PostCSS

PostCSSを初めて聞いたのはちょうど1年前ぐらいの勉強会で。その時はSassも勉強始めたばかりというのもあり、こんなのあるのか程度で終わってました。

でも、最近PostCSSを使う機会があったり、Sass以外の何か触ってみたいなというのがあったり、ちょこちょこ記事も増えてきてるように感じてるので、いろいろ調べてみました。

使ってみた感想は、PostCSSはPostCSSでいいところありますが、Sassから乗り換えるべきとかそういうのはないです。今はSass使ってる人多いですし、仕事とは別で個人的に触ってみるぐらいでいいかなと思います。

PostCSS

目次
  1. PostCSSとSassの違い
  2. gulpでPostCSSを使ってみる
  3. プラグインを使ってみる
  4. 便利プラグイン
  5. 誰得プラグイン

PostCSSとSassの違い

SassはネストとかMixinなどいろんな便利機能が標準で含まれていますが、PostCSSはそういった機能をプラグインで自分で機能拡張してくようになっています。

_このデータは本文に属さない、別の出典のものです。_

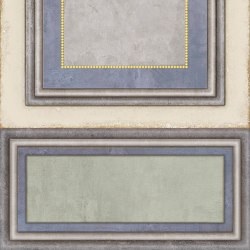 CITY STONE decoro Dolce Vita | Ceramic flooring | Tagina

また、SassやStylusは独自の書き方がありますが、PostCSSはプラグインによっては将来取り入れられるCSSの標準構文を使うことができます(いわゆるFuture CSS syntax)

あとは、コンパイル速度が速いとかも言われてます。

gulpでPostCSSを使ってみる

gulp使える前提で早速PostCSSを使ってみます。

いつもの流れ

// プロジェクトフォルダ作成
$ mkdir postcsstest
// 移動
$ cd postcsstest
// package.jsonを生成
$ npm init -y
// gulpインストール
$ npm i gulp -D

PostCSSのインストール

$ npm i gulp-postcss -D

ディレクトリ構成

今回のディレクトリ構成はプロジェクト直下に「src」と「dist」ディレクトリを作ってます。src以下にPostCSSを書いてdistへコンパイルします。この辺りは好きにやってください。

./package.json
./node_modules
./src/style.css
./dist
./gulpfile.js

また、gulpfile.jsを追加しておいてください。

gulpfile.js

まずはこんな感じで書いてみます。

var gulp = require('gulp');
var postcss = require('gulp-postcss');
gulp.task("css", function() {
  return gulp.src('./src/style.css')
    .pipe(postcss([]))
    .pipe(gulp.dest('./dist'))
});

style.css

srcディレクトリ以下にstyle.cssを作って以下を書いてみます。

:root {
  --color: red;
}
h1 {
  color: var(--color);
}

これはW3CのCSS Custom Properties for Cascading Variables Moduleに対応した変数の書き方です。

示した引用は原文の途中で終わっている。